Let $G$ be a compact Lie group and $H$ a closed Lie subgroup. Let $i : H \hookrightarrow G$ denote the inclusion. Then given any finite-dimensional representation $\rho : H \rightarrow \mathrm{GL}(V)$ is it possible to find a finite-dimensional extension of $\rho$ to the whole group $G$, i.e. a finite-dimensional representation $\tilde{\rho} : G \rightarrow \mathrm{GL}(W)$ such that the following diagram commutes
$$\require{AMScd} \begin{CD} H @>{\rho}>> \mathrm{GL}(V)\\ @ViVV @VVjV \\ G @>{\tilde{\rho}}>> \mathrm{GL}(W) \end{CD}$$ where $j$ is injective.
$\textbf{Proposed solution:}$
Since we work with compact groups only, we can assume first that $\rho$ is irreducible.
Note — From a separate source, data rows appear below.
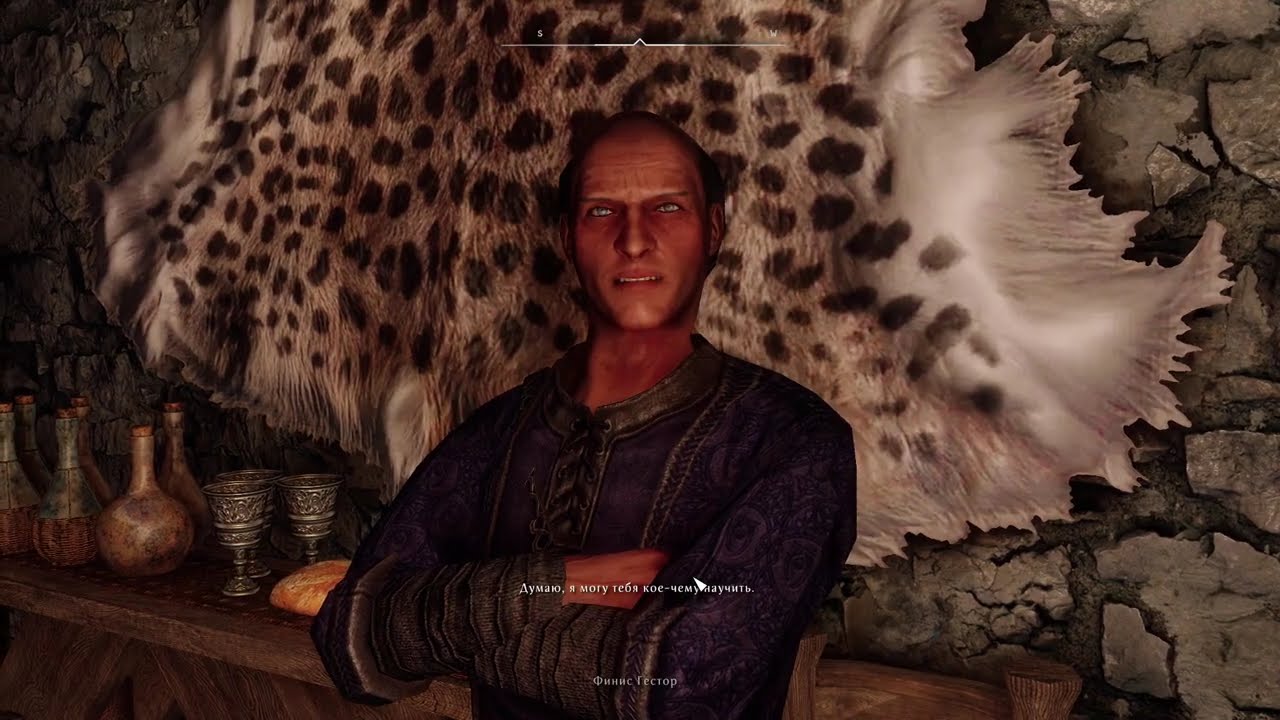 Skyrim Requiem RFAD SE 6.2. Колдун + маг разрушения . 1 Серия . Начало .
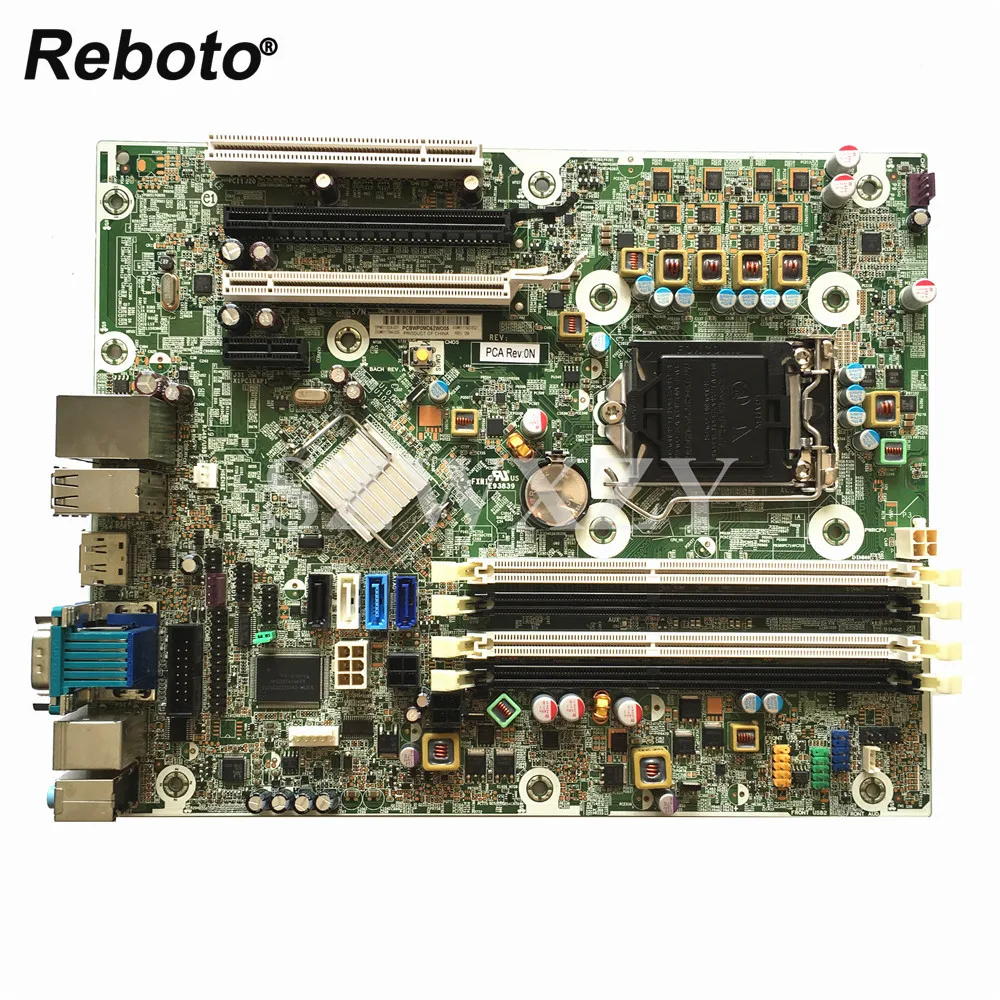Hp Compaq 8200 Elite Sff Pc Motherboard Reboto For HP 8200 Elite SFF 611834 001 611793 001 motherboard
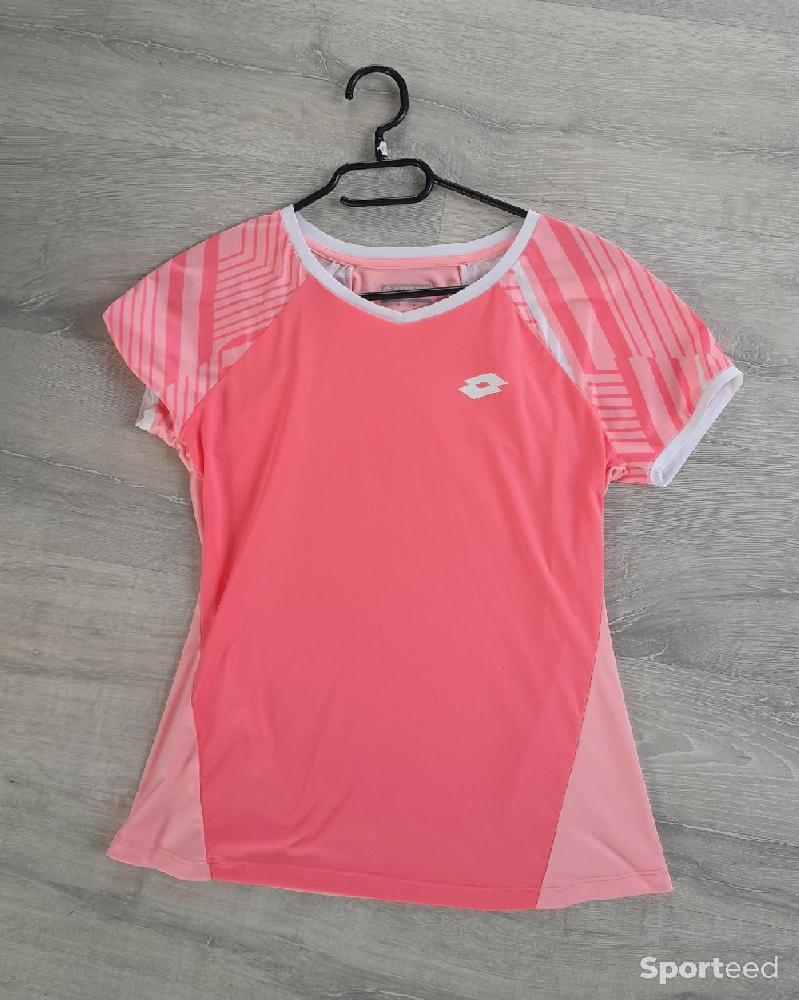 Tennis - T-shirt Lotto - photo 1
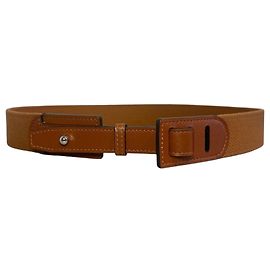 Cinturón Hermès camel T.80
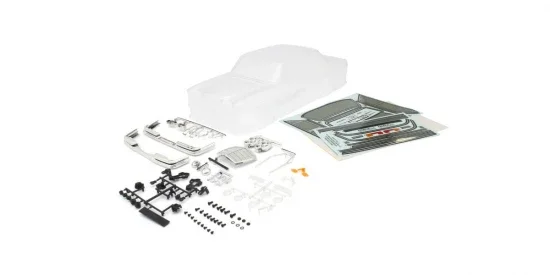 Kyosho Body shell set 1:10 Fazer FZ02L Chevy C10 Fleetside Pickup &mdash; image 3 of 3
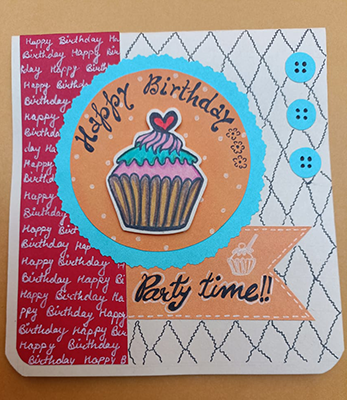 Birthday Card [Handmade Card]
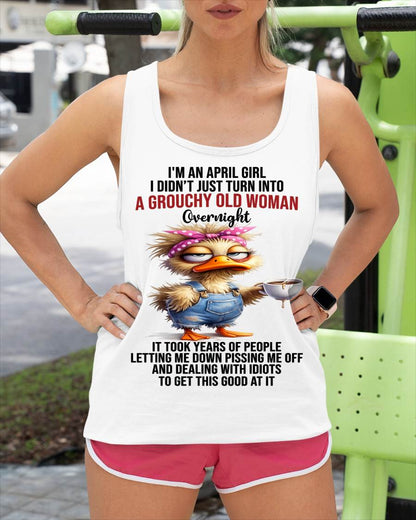 APRIL SHIRT, GET THIS GOOD AT IT - SNOW04 (SKU2602-179-04)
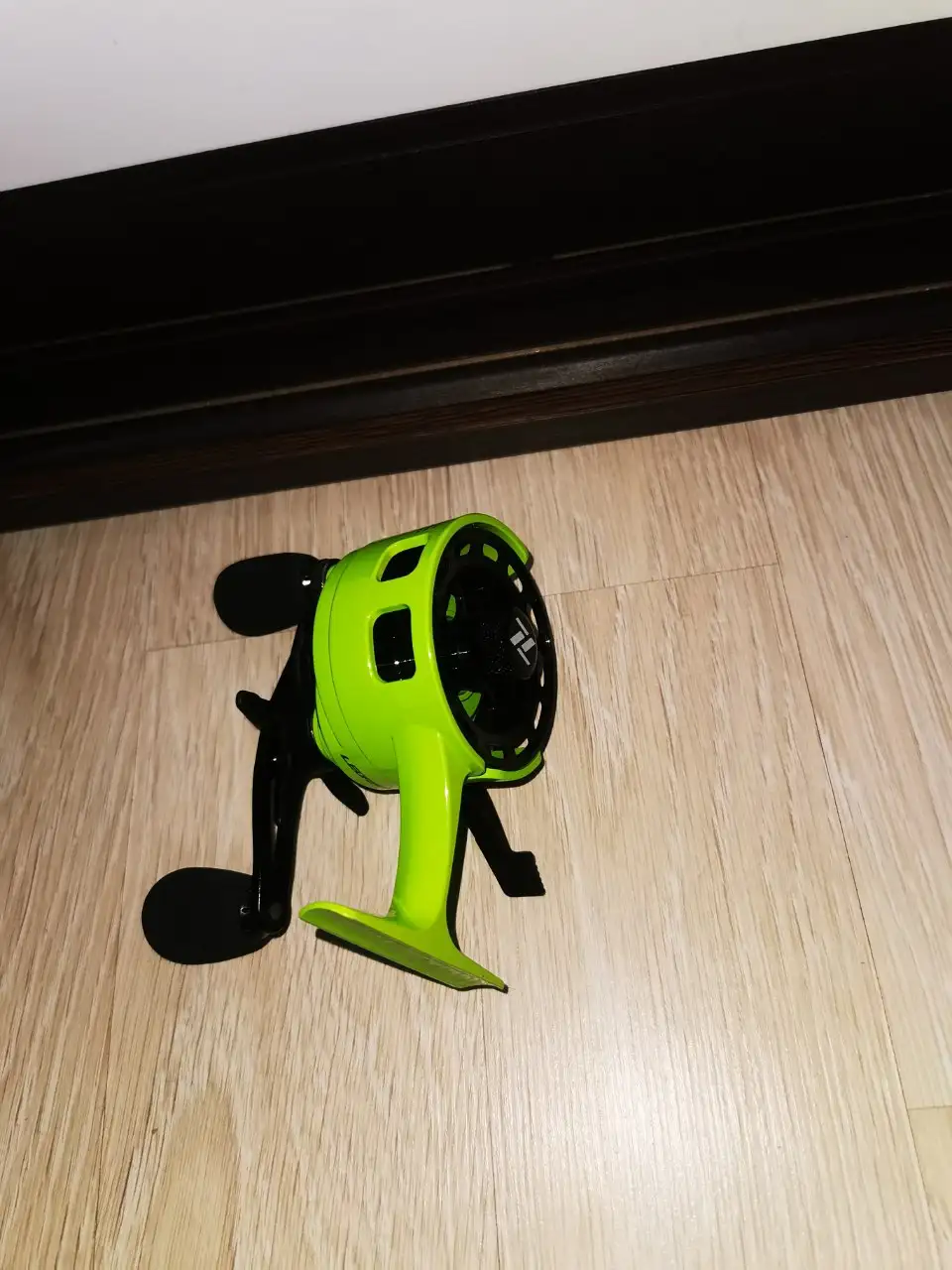 Катушка Zander Master ICE ENERGY лайм правая новая - Рыбалка (Хобби и отдых) в Химки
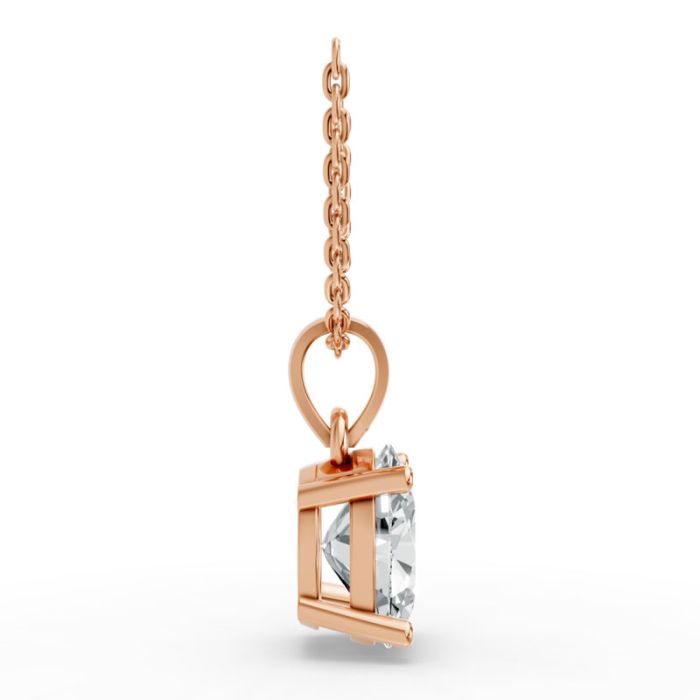4 Prong Solitaire Pendant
Then $\mathrm{ind}^G_H(\rho)$ defines a unitary representation of $G$, which we can write as a direct sum of finite-dimensional irreducible representations:
$\mathrm{ind}^G_H(\rho) = \bigoplus_{\alpha} \mu_{\alpha}$
The classical Frobenius reciprocity theorem states that given irreducible representations $\pi$ of $G$ and $\rho$ of $H$ we have that $\rho \subset \mathrm{res}^G_H(\pi)$ is a sub-representation if and only if $\pi \subset \mathrm{ind}^G_H(\rho)$ is contained in the induced representation.
Choosing now $\pi = \mu_{\alpha}$ we have by assumption: $\mu_{\alpha} \subset \mathrm{ind}^G_H(\rho)$ hence $\rho \subset \mathrm{res}^G_H(\mu_{\alpha})$. Therefore choose $\tilde{\rho} := \mathrm{res}^G_H(\mu_{\alpha})$ which is indeed finite-dimensional and the above diagram commutes.
If $\rho$ is not irreducible write it as a finite direct sum of irreducible ones, since $H$ is compact.